# Cruise Control - I Want It!



## Reese917 (Apr 14, 2009)

Hello all,

As my first post here I would like to ask a question I have been dying to know the answer to. Does anyone know if it is possible to add cruise control to a 2007 Sentra 2.0S? My dealer said they couldn't do it but I can't give up that easily. When my wife bought the car she didn't think she needed it but it drives me crazy not to have it when we go on trips. Any help or advice is appreciated.

-Reese


----------



## S_e_X-Terra (Jul 2, 2008)

Dealers usually are only familiar with installing genuine Nissan parts so they would only know how to install a Nissan cruise. What you need to find is a specialty aftermarket component shop.... usually stereo shops can install things like alarms, power windows, auto locks... so i would assume they would be able to help you out with cruise control. If not try a tuner shop that does all of the electrical work for specialty cars and Im sure they will be able to find a way to do something for you.


----------



## Outkast (Jan 29, 2006)

It's just a matter of the parts needed like the controls and maybe a different throttle body and changing the peramater in the ECU. I've added fogs often to Pathfinders and Titans cruise shouldn't be any harder.


----------



## S_e_X-Terra (Jul 2, 2008)

Outkast said:


> It's just a matter of the parts needed like the controls and maybe a different throttle body and changing the parameter in the ECU. I've added fogs often to Pathfinders and Titans cruise shouldn't be any harder.

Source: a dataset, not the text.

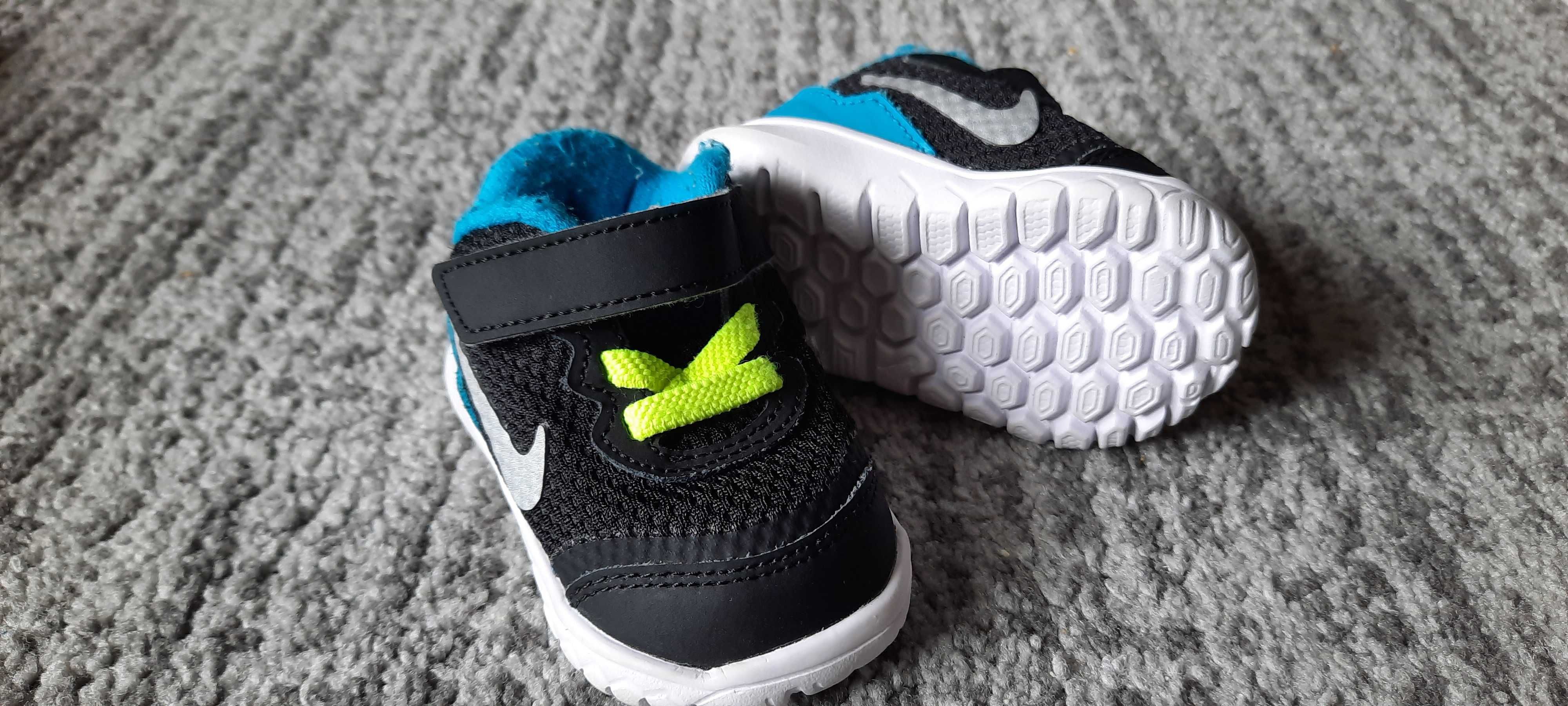 Nike Performance REVOLUTION 5 UNISEX 17 dla niemowlaka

If by fogs you mean fog lights then my guess is its totally different since the controls for fog lights are a simple matter of changing out the turn signal stalk... and the controls for cruise are integrated into the steering wheel and mess with throttle position. Ive done the fog lights on my xterra (06) and it was already pre wired, all you had to do was plug the lights in and change out the stalk. messing with the ECU and throttle body are a whole nother ballgame if you havent ever done anything like it. but im no expert... heck, it could be as easy as 1 2 3.


----------



## Reese917 (Apr 14, 2009)

No real way to know how in-depth it will be until I commit to doing it. Of course I could always pay someone to try and figure it out but I was looking for a way I could do it myself. I was hoping I might find someone who has already done it. Either way, thanks for your input.


----------



## IanH (Feb 11, 2003)

have you looked on the Nissan dealer sites to see if its an accessory ?


----------



## TOOQIKK (Jul 11, 2009)

you would need the switch, the control module, the the pedal switches, the cable system and what not for under the dash, and wiring harness for it....
they do sell aftermarket kits...vox think is the name of one ....check out your local custom stereo shop.....i now places like circuit city would install them but they are out of business...you can buy the kits and do it yourself too.....


----------



## Faja (Aug 31, 2009)

Are you sure you have the 2.0 S? I believe the S edition comes with Cruise Control but the base 2.0 does not - that's in Canada tho' so I'm not sure if the US version is the same - maybe someone else can verify this for me??

thanks


----------



## ranger81 (Jul 2, 2009)

I have a used 2007 Sentra 2.0S. I would like to... - JustAnswer


----------



## GoldenBoyRB (Jul 26, 2012)

when Nissan start selling b16 Sentras, 2.0S had the cruise control as a package. I believe it is not until 2009 that they put the cruise control as standard equipment on the S model. I know this because I used to work at a Nissan dealership


----------